SOME ponies will make this decision at the start of their lives and not wait to be treated badly.

SOME JRT's will decide that cats are rats and kill them, not all.

Not all Shetlands will use their intelligence against you.

Some will.

Surely as in Native Shetlands, there are American lines that are better known for temperament than others??

The main difference between Miniature Horses and Shetlands- at the start, and for me, is that I bred for beauty and temperament, not bone and hair and intelligence!! (Taking soundness and conformation as a given in both breeds)

Today, 25 years later, that is still my aim.

There is no reason why a Shetland should not be a good kids pony, but if a Miniature I breed is not good with kids I figure I am going badly wrong.

Until more Shetland breeders on both sides of the pond, take this attitude the prejudice will continue.

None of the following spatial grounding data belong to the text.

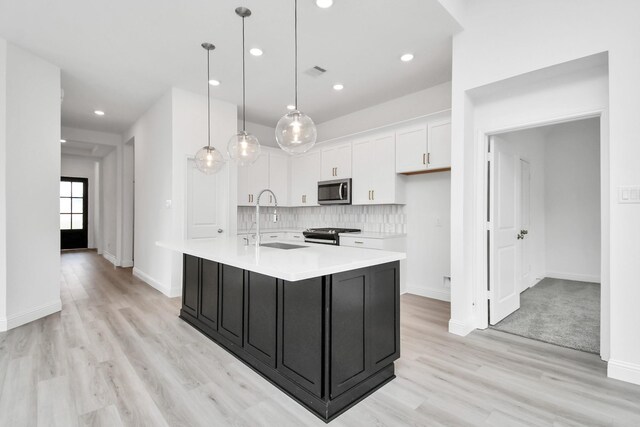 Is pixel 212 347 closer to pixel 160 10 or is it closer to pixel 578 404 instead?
pixel 578 404

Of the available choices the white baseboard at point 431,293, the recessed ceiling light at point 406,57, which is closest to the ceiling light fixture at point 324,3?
the recessed ceiling light at point 406,57

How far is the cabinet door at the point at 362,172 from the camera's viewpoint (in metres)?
4.78

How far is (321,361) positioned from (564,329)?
2.85m

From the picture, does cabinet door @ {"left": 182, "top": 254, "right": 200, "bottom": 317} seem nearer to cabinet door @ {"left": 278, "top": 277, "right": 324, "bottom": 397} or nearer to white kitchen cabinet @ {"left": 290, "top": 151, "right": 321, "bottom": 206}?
cabinet door @ {"left": 278, "top": 277, "right": 324, "bottom": 397}

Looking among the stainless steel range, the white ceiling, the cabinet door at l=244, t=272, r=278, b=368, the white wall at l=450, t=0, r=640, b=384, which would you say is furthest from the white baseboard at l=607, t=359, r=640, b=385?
the stainless steel range

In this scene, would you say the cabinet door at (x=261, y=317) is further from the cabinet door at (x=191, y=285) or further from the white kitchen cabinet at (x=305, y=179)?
the white kitchen cabinet at (x=305, y=179)

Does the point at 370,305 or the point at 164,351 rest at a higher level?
the point at 370,305

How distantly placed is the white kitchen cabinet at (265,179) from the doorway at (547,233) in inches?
148

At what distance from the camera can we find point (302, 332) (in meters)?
1.97

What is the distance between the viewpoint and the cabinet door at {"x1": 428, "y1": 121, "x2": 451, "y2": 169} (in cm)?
392

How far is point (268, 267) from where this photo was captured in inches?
68.2

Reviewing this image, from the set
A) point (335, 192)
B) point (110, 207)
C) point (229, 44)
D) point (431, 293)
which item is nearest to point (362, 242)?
point (335, 192)

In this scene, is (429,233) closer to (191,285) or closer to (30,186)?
(191,285)

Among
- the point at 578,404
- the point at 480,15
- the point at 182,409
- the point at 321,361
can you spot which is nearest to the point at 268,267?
the point at 321,361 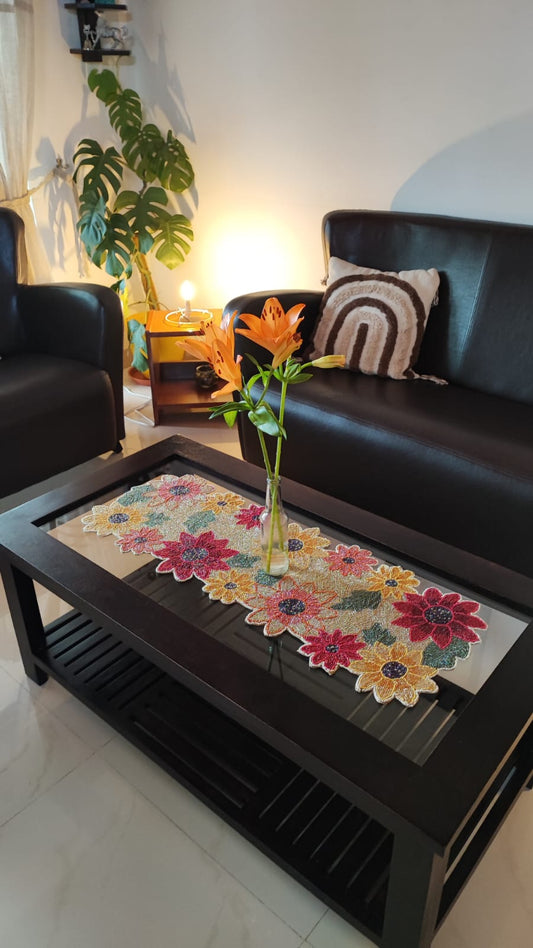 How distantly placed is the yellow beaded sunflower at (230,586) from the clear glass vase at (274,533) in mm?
47

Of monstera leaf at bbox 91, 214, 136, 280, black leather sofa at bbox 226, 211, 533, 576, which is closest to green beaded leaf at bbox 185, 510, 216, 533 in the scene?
black leather sofa at bbox 226, 211, 533, 576

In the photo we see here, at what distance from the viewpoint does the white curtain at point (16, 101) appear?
2.41 meters

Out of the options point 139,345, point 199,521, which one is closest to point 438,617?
point 199,521

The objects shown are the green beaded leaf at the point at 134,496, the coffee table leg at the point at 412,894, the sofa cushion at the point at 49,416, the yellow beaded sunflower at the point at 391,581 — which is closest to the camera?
the coffee table leg at the point at 412,894

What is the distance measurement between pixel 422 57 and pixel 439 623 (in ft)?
5.97

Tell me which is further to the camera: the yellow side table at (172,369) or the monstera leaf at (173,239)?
the monstera leaf at (173,239)

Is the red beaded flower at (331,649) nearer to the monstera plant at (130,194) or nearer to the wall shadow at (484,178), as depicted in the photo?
the wall shadow at (484,178)

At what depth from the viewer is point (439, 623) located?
115 centimetres

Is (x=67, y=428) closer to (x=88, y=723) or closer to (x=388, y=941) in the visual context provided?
(x=88, y=723)

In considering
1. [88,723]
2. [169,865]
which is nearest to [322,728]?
[169,865]

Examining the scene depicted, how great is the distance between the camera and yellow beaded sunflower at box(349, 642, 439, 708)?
1.03 metres

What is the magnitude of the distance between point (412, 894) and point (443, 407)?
1.29 m

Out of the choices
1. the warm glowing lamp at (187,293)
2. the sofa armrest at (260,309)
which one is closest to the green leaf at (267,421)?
the sofa armrest at (260,309)

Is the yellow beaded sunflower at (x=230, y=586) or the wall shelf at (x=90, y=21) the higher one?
the wall shelf at (x=90, y=21) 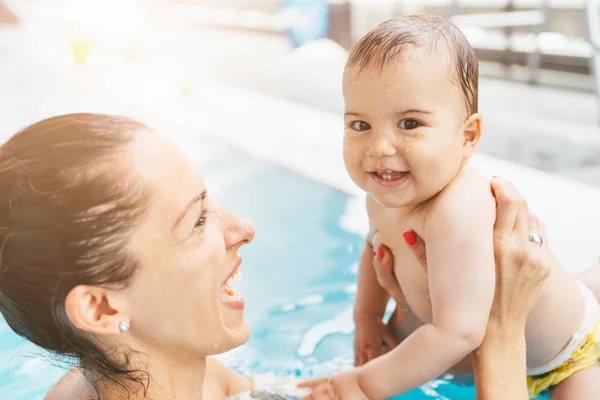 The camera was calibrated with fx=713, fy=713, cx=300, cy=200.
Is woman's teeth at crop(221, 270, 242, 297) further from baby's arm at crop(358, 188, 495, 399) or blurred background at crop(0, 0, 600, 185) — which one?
blurred background at crop(0, 0, 600, 185)

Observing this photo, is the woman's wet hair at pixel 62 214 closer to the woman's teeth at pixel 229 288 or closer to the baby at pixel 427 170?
the woman's teeth at pixel 229 288

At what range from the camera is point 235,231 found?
1614 mm

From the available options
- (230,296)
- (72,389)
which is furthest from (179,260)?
(72,389)

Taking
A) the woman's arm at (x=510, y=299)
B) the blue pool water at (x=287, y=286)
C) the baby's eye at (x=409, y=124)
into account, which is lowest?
the blue pool water at (x=287, y=286)

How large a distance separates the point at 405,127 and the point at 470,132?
0.19m

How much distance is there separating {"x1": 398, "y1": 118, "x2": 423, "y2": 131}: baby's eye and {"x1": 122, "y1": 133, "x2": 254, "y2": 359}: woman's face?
1.49 ft

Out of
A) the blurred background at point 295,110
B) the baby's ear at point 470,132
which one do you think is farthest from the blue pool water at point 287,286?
the baby's ear at point 470,132

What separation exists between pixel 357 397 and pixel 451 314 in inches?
13.3

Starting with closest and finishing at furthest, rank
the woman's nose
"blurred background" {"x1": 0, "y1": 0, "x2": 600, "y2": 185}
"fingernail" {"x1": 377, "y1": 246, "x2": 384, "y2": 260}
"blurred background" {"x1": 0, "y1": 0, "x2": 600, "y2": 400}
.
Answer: the woman's nose < "fingernail" {"x1": 377, "y1": 246, "x2": 384, "y2": 260} < "blurred background" {"x1": 0, "y1": 0, "x2": 600, "y2": 400} < "blurred background" {"x1": 0, "y1": 0, "x2": 600, "y2": 185}

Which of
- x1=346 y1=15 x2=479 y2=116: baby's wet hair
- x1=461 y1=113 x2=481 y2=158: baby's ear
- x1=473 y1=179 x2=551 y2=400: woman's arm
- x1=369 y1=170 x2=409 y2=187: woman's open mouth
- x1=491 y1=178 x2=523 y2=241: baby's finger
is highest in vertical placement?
x1=346 y1=15 x2=479 y2=116: baby's wet hair

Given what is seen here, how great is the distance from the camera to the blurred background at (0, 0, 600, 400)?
10.3 ft

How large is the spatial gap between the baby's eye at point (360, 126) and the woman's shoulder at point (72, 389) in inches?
35.4

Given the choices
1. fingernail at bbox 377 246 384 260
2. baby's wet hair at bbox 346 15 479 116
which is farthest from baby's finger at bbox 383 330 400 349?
baby's wet hair at bbox 346 15 479 116

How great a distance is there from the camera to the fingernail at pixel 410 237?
73.9 inches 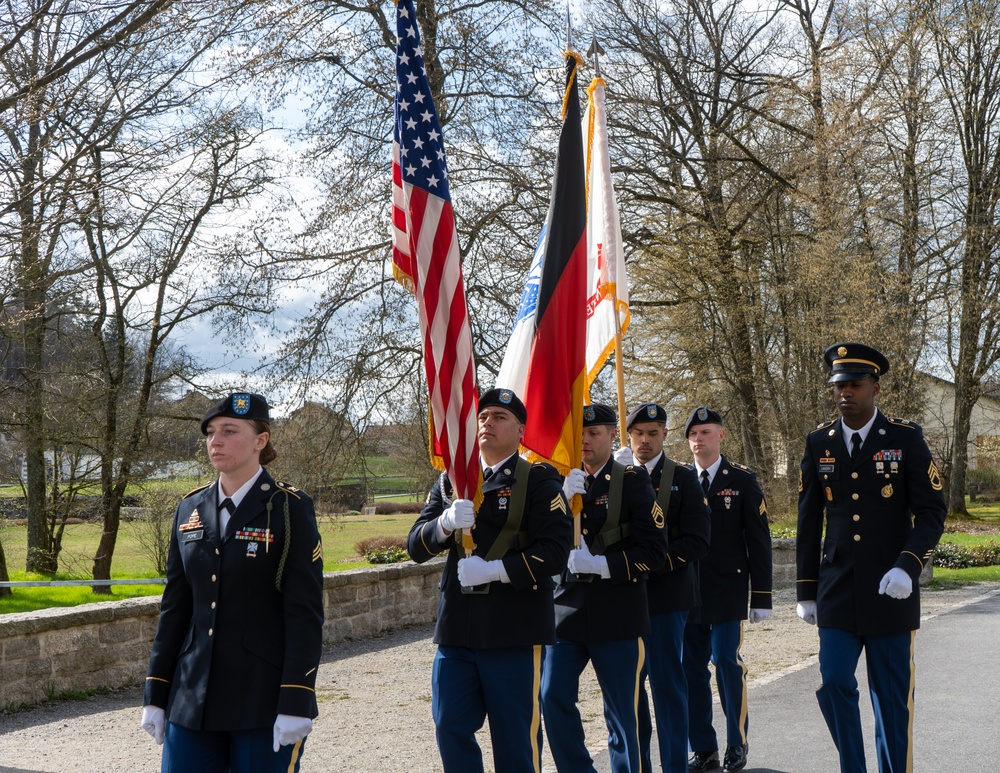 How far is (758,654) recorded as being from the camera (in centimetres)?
1038

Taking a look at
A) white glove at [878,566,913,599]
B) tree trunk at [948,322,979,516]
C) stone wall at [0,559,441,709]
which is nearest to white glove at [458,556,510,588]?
white glove at [878,566,913,599]

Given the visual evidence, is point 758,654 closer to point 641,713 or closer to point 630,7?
point 641,713

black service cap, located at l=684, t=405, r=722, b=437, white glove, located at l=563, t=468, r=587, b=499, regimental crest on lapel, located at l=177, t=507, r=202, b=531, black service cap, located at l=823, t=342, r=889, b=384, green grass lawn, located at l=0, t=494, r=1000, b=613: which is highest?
black service cap, located at l=823, t=342, r=889, b=384

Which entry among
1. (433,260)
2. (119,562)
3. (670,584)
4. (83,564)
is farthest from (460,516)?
Result: (119,562)

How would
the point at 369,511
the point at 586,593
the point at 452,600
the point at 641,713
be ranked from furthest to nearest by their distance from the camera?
the point at 369,511, the point at 641,713, the point at 586,593, the point at 452,600

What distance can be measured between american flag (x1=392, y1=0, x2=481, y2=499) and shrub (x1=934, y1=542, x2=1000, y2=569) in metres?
17.3

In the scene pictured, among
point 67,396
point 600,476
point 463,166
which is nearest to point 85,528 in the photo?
point 67,396

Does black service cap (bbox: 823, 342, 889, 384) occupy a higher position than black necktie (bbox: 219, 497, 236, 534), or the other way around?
black service cap (bbox: 823, 342, 889, 384)

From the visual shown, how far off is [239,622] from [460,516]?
3.55ft

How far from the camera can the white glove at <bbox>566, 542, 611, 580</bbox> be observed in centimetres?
524

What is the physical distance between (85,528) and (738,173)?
15.8 m

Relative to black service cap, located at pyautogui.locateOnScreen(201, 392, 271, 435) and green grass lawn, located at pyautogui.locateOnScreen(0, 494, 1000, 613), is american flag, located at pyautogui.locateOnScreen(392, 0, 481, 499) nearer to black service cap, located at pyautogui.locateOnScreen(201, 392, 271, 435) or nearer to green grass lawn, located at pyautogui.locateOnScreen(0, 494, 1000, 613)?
black service cap, located at pyautogui.locateOnScreen(201, 392, 271, 435)

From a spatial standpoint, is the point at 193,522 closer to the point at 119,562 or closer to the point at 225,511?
the point at 225,511

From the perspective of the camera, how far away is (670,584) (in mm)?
6027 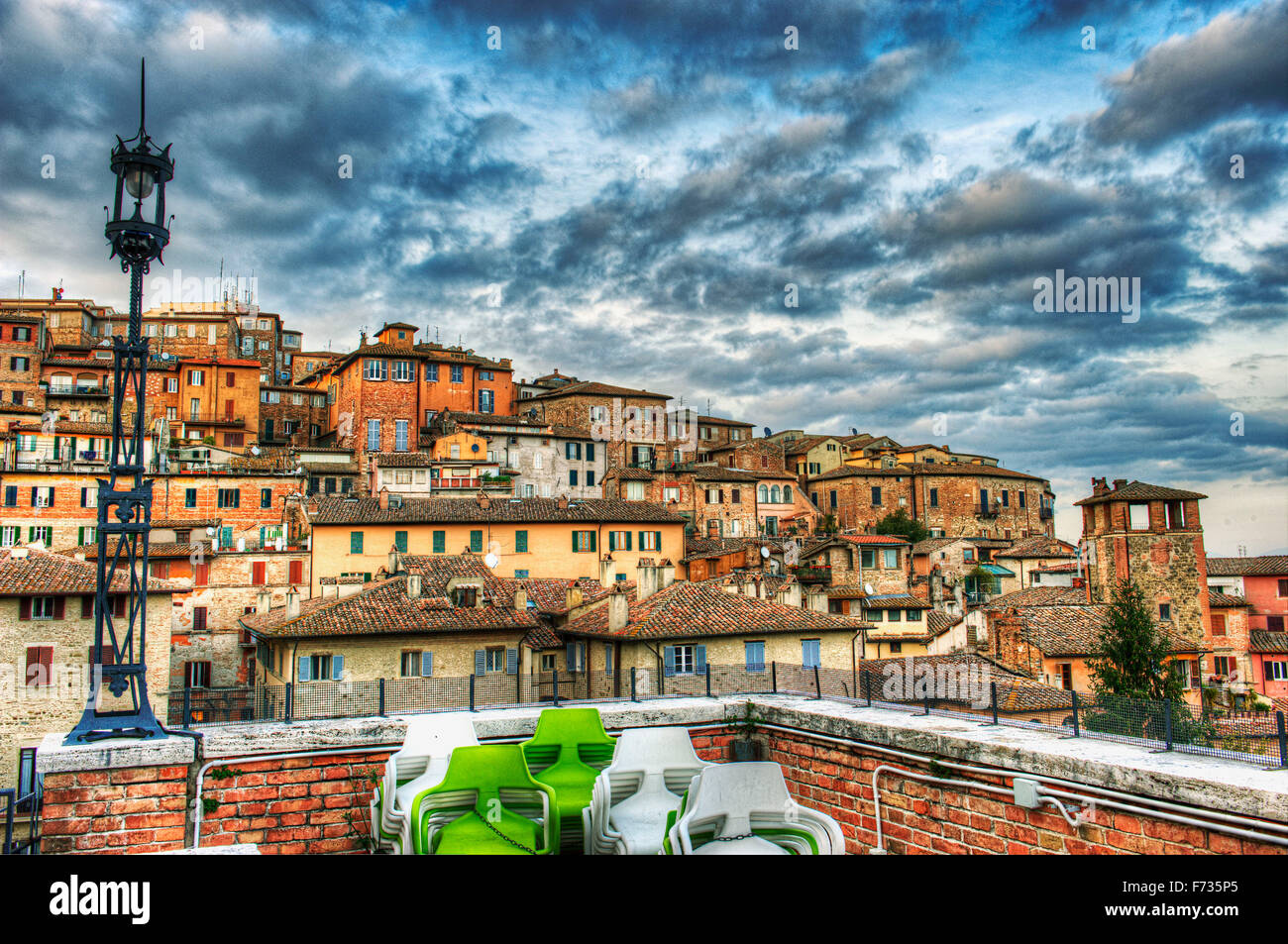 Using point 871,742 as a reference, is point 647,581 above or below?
above

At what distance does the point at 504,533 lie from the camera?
139ft

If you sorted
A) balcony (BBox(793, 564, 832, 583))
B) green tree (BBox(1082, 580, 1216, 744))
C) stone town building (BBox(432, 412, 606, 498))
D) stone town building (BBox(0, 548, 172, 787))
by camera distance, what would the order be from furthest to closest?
1. stone town building (BBox(432, 412, 606, 498))
2. balcony (BBox(793, 564, 832, 583))
3. green tree (BBox(1082, 580, 1216, 744))
4. stone town building (BBox(0, 548, 172, 787))

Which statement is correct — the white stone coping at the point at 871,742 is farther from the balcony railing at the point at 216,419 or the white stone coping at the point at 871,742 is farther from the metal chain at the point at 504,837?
the balcony railing at the point at 216,419

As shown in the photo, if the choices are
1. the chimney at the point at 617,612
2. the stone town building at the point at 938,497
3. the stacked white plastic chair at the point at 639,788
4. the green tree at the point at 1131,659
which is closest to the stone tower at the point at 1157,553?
the green tree at the point at 1131,659

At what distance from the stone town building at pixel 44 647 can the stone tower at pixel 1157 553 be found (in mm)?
39435

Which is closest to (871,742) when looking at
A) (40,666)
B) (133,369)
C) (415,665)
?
(133,369)

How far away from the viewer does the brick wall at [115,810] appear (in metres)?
5.55

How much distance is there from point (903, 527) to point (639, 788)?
199 ft

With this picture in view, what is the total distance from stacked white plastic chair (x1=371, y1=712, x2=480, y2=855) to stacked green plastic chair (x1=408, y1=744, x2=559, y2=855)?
1.23 ft

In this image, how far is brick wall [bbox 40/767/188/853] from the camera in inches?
219

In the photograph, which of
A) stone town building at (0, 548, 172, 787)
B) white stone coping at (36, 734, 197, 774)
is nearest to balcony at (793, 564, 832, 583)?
stone town building at (0, 548, 172, 787)

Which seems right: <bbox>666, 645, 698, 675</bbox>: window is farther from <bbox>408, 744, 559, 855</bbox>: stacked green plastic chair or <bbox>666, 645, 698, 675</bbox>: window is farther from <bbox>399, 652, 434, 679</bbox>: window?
<bbox>408, 744, 559, 855</bbox>: stacked green plastic chair

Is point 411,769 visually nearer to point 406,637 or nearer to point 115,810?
point 115,810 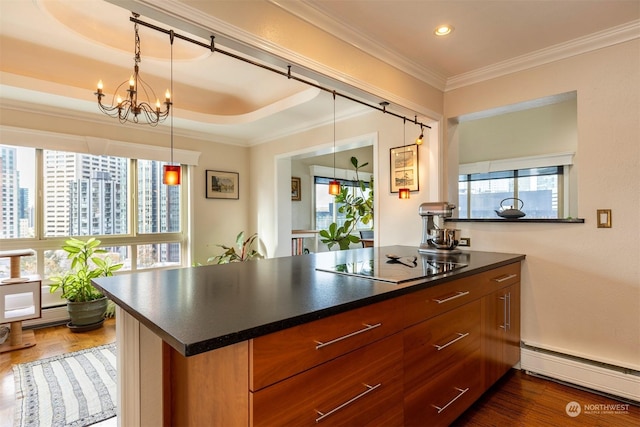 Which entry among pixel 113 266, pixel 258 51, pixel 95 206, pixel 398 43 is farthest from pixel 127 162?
pixel 398 43

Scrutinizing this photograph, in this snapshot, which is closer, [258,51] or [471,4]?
[258,51]

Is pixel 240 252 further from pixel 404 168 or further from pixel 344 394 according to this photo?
pixel 344 394

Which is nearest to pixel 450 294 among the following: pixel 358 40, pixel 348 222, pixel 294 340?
pixel 294 340

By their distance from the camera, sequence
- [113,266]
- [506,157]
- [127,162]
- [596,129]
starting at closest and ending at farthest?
[596,129] → [113,266] → [127,162] → [506,157]

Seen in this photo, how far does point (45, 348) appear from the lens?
3047 millimetres

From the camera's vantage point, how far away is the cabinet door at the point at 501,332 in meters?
2.03

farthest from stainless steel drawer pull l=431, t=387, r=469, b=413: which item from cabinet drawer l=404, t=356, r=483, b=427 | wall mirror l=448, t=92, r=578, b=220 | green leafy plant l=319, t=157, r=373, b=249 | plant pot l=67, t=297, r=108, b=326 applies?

Oh and I changed everyones attitudes to Arabs by sending a few out there to do everything- once I had the Pony Club people contradicting all the prejudice I had just about won the argument, so basically you just need to get a few good pony's in children's ridden classes and ideas will soon change.

Lead by example.


----------



## chandab (Mar 18, 2006)

rabbitsfizz said:


> OK, for me Shetland is a different animal, and I KNOW Wally will jump up and down on my head for saying this , and hope she can add to it...BUT...Shetlands were not bred as Children's ponies. They were bred to pull sleds and carry baskets and live on NOTHING- thin air. They were bred with broad backs and independent natures.
> 
> Why would you blame a Jack Russel Terrier for killing a rat?? Would you also blame it if it failed to discriminate between a newborn kitten and a rat??
> 
> ...


Jane,

Very well said. :aktion033: :aktion033: :aktion033:


----------



## Leeana (Mar 18, 2006)

Okay after spending 1 week at the fair sitting infront of one of the three total mini's stalls there were in that barn that week ...i can not begin to tell you how many times i heard 'arnt they terriably mean' and 'what are they good for'.

I recently purchased a shetland, Royal (in avatar), and there is not a bad bone in his body. I dont think he has even had a bad thought go through his mind. He is ASPC registered and bred to be in the show ring. You can tell that this breed was not physically bred to be kids ponies ...they are very refined and with that leg action how can you expect to find a kid under 50 pounds with enouph expirence or one that able to stay on that trot. I dont think that its that there 'mean' bc god knows there not ...just physically there not kids ponies.

They are nothing like many people think they are either, i agree. I think they have great dispositions for what i like. I really like horses/shetlands/minis with a little bit of attitude, gives that little edge in the ring i think. Royal has that presence, but i would trust him with my nephew lead, lunging and show him as well. I know tanner could not stay on that big trot he has though, thats the only thing.

Riding wize, i think shetlands are better suited for showing and driving. If you can find a kid that is light enouph and can ride that big trot, then sure. I just dont think they were bred to be kids horses, thats pretty apparenty by looking at them, agian i beleive this has nothing to do with Disposition.

Just my Opinion and obstervation

Leeana H.


----------



## Lisa-Ruff N Tuff Minis (Mar 25, 2006)

Ok I dont own any papered shetlands however I do own minis so really I guess technically I own shetlands



:

I find it comes more from "mini" people then even horse people that shetlands are to fine boned to carry a rider (not true) that shetlands are wild and hot and ill mannered-(no more then many ill mannered minis I have seen both at farms and at in-gates at shows, which is a owner issue not a breed of any kind issue) I find they seem to feel the need to justify the difference and are so busy insisting "minis are a breed of there own a true blood breed" that they need to point out how minis are calm and wonderful and shetlands are not without truly seeing the big picture there



:


----------